More depressing corporate earnings news from both sides of the Atlantic set the seal on what was a bad week for London's equity market. Posting its fourth decline in five sessions, the FTSE 100, London's benchmark index, dropped back below 5,700 for the first time since May 14 when the index tumbled 130 points during the postmarket auction before rallying strongly late in the session, along with Wall Street.
The Dow Jones Industrial Average had taken an 181 points pasting on Thursday while the Nasdaq fell 77 points. The Dow dropped another 123 points shortly after the opening yesterday, before rallying strongly to post a 10 points gain as London closed.
Some observers took the view that the latest dismal US output and capacity utilisation figures, along with a retreating Wall Street, might induce the US Federal Reserve's open market committee, which meets on June 26th and 27th, to cut US interest rates again.
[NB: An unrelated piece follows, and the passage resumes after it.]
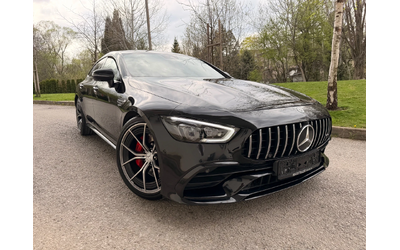 mercedes-benz-amg-gt - 0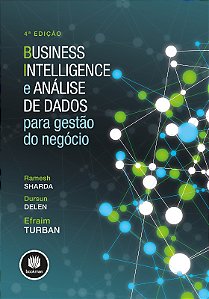 Business Intelligence e Analise de Dados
At the close the Footsie was down 29.5 at 5,723, having fallen 94.8 to 5,657.7 at its worst of the session. Over the week the index fell 227.6, or 3.8 per cent. Footsie was dragged down yesterday by a general sell-off in the TMT sectors, with more than a little help from the banks, led down by Royal Bank of Scotland, which alerted the market to evidence of rising bad debts.
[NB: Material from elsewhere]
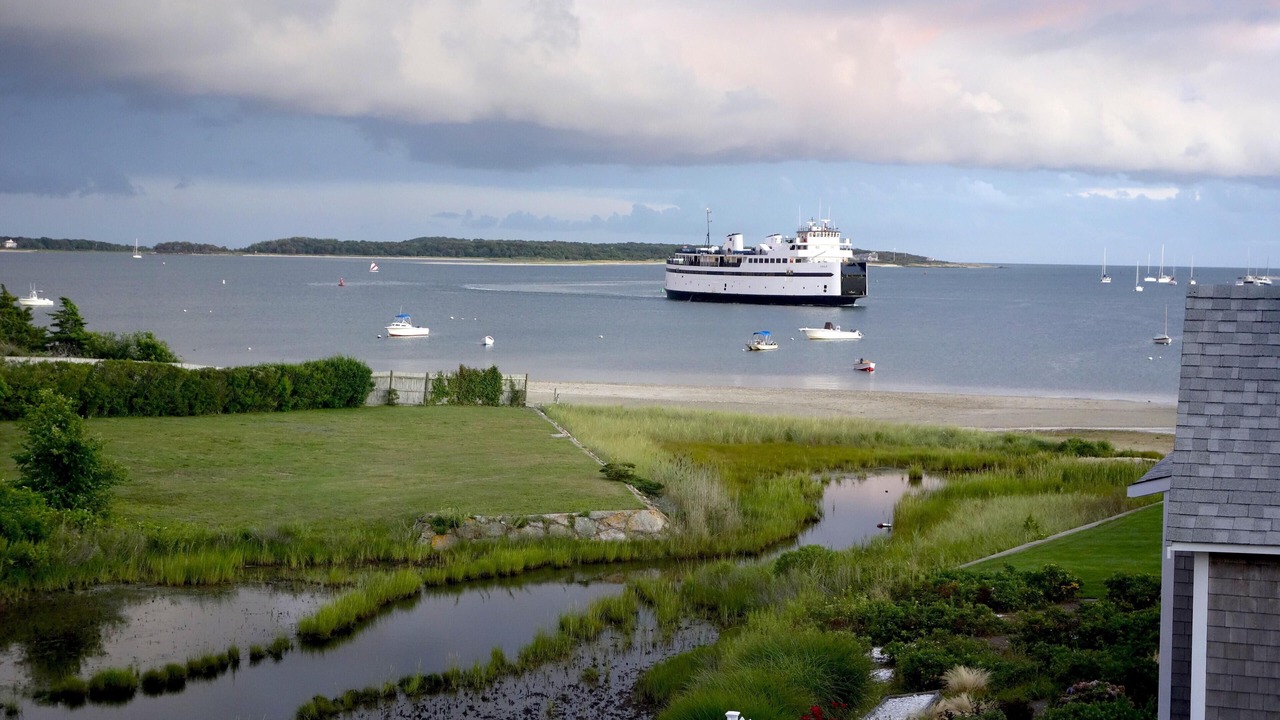 Photo of Others in West Yarmouth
The market's retreat was briefly arrested by the US consumer price index data for May which came in about the consensus forecast, up 0.4 per cent. But the market then resumed its downward path as US industrial production and capacity utilisation data showed another downwards lurch during the month. Sentiment in London remained extremely fragile, buffeted all week by a succession of worrying corporate earnings news and a sequence of rather alarming domestic economic data, which pointed to the prospect of higher interest rates.
The bad news started overnight in the US with profits warnings from HJ Heinz and JDS Uniphase and fears that General Electric might withdraw its offer for Honeywell. And matters got progressively worse as the day wore on with news of a profits warning from Philips of the Netherlands and a startling earnings warning from Nortel Networks which said it expects a colossal $19.2 billion (€22.3 billion) loss for the second quarter, after special charges.